Das bedeutet auch, dass unsere heutige Definition von ArbeiterInnenklasse alle direkt oder indirekt Lohnabhängigen (ob nun produktiv oder reproduktiv tätig) umfaßt. Dies bringt mit sich, dass für uns „Gewerkschaft“ nicht ausschließlich Arbeitskampf bedeuten kann, sondern dass der Klassenkampf alle Lebensbereiche umfaßt. Fragen wie z.B. Wohnen (MieterInnenkampf) oder die Suche nach Möglichkeiten des Aufbaues herrschaftsloser, selbstorganisierter Strukturen in allen den Alltag betreffenden Bereichen ist höchst aktuell und AnarchosyndikalistInnen können und werden dazu ihren Beitrag leisten.
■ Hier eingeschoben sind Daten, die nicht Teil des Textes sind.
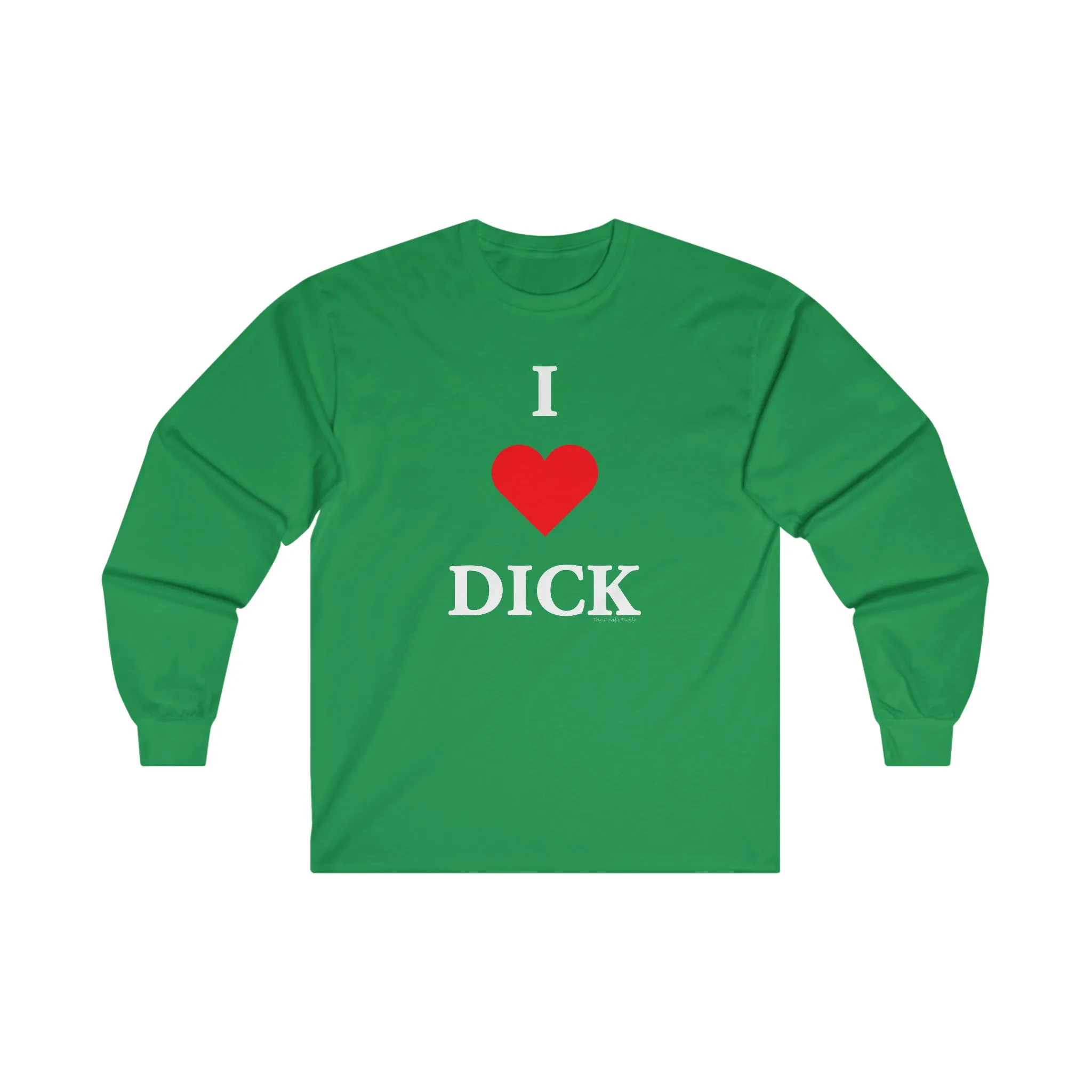 I Love Dick Long Sleeve Tee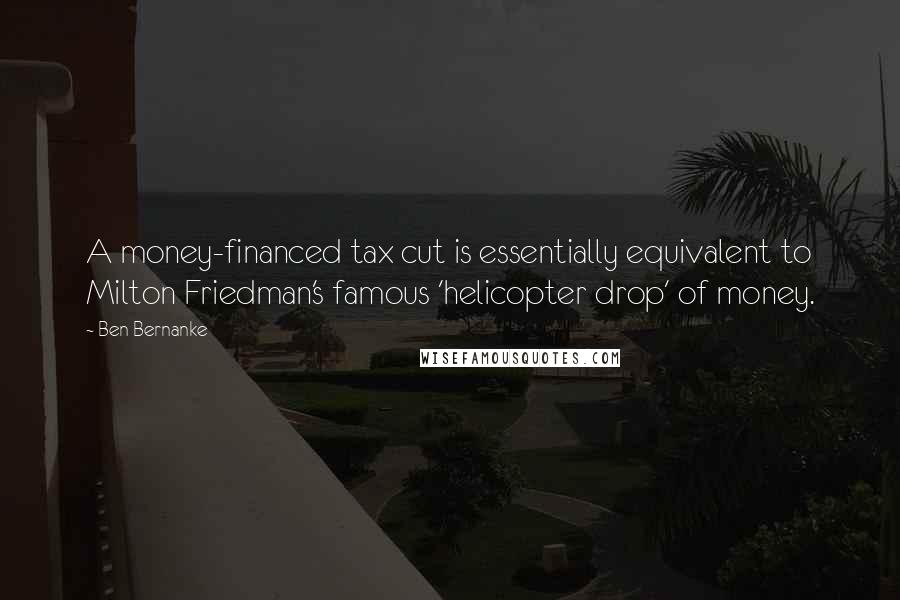 Ben Bernanke quotes: A money-financed tax cut is essentially equivalent to Milton Friedman's famous 'helicopter drop' of money. Ben Bernanke quotes: A money-financed tax cut is essentially equivalent to Milton Friedman's famous 'helicopter drop' of money.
Warum also sind wir nicht „politisch“, sondern „antipolitisch“? Weil wir bestreiten, dass die abstrakte politische Sphäre ein geeignetes Kampffeld für die direkte Aktion (so was wie ein Fetisch für uns?) ist. Sobald so etwas wie ein „Allgemeininteresse“ – im Gegensatz zum Individualinteresse, vielleicht sogar Klasseninteresse - konstruiert wird, kommen Leute oder Körperschaften daher, die es zu vertreten vorgeben, und die es im Zweifelsfall auch gegen den Willen der Betreffenden durchzusetzen imstande sind. Das einzige „politische“ an der ganzen Sache ist, dass diese direkte Aktion so massiv, also auch kollektiv (selbst-)organisiert wie möglich eingesetzt werden muss, um erfolgreich zu sein. Manchmal wird argumentiert, dass Herrschaftsverhältnisse wie das Patriarchat oder der Rassismus unter den Tisch gekehrt würden, wenn wir nicht „politisch“ denken. Wenn wir unsere Definition des Wortes „politisch“ verwenden: Was bitte ist am Patriarchat oder dem Rassismus nicht „konkret“, was davon findet nicht im alltäglichen Leben statt, und muss eben deshalb nicht auch gerade hier angegriffen werden?

„Alles ist politisch“ heißt im Grunde nichts anderes als „Nichts ist politisch“ (ist das Dialektik?) – sprich die Trennung zwischen dem „Privaten“, Konkreten und dem Abstrakten, dem „Politischen“ ist, „emanzipatorisch“ betrachtet, sinnlos. Die Konstruktion des „Politischen“ verlangt nach abstrakten, weil vom Konkreten losgelösten Artikulationsmöglichkeiten, wie es nicht zuletzt Parlamente, Zentralräte oder -komitees, die für „alles“ zuständig sind (oder zu sein glauben). Und sie verlangt immer auch nach der Unterordnung des „Privaten“ unter das „Politische“, was letztlich nur mit Hierarchie und Repression möglich ist. „Verteilt die Macht, bis sie keine/n mehr mächtig macht“ sagen die AnarchistInnen. Und dass sie das schon vor hundert Jahren gesagt haben, macht diese Aussage nicht falsch.

Nie kann eine Macht größer sein, als wenn sie von möglichst vielen (allen) Individuen unmittelbar getragen wird – und doch ist sie in einem solchen Fall aufgelöst (schon wieder Dialektik?) – und genauso verhält es sich mit dem „Politischen“: Wenn all das, was „wirklich wichtig ist“, was von „Allgemein-“, vielleicht sogar „Menschheitsinteresse“ ist, nicht mehr ständig aus dem konkreten, unmittelbaren (was auch „unvermittelbar“ heißt) Leben weggetragen wird, dann beginnt die herrschafts- und klassenlose Gesellschaft.

Allgemeines Syndikat Wien

[2Auf die unzulässige Gleichsetzung von „Politik“ und „dem Politischen“ sei an dieser Stelle ausdrücklich hingewiesen. Erstere ist eine gesellschaftliche Praxis, letztere ein öffentlicher, d.h. letztlich staatlich garantierter, Raum, in welchem die Politik sich abzuspielen hat. Dessen notwendige Kritik macht allerdings die Politik in emanzipatorischer Perspektive nicht unmöglich. Genau darauf wollte ich mit meinem Hinweis auf das Badiousche Politikverständnis – Politik als Schaffung einer Distanz zum Staat – hinweisen.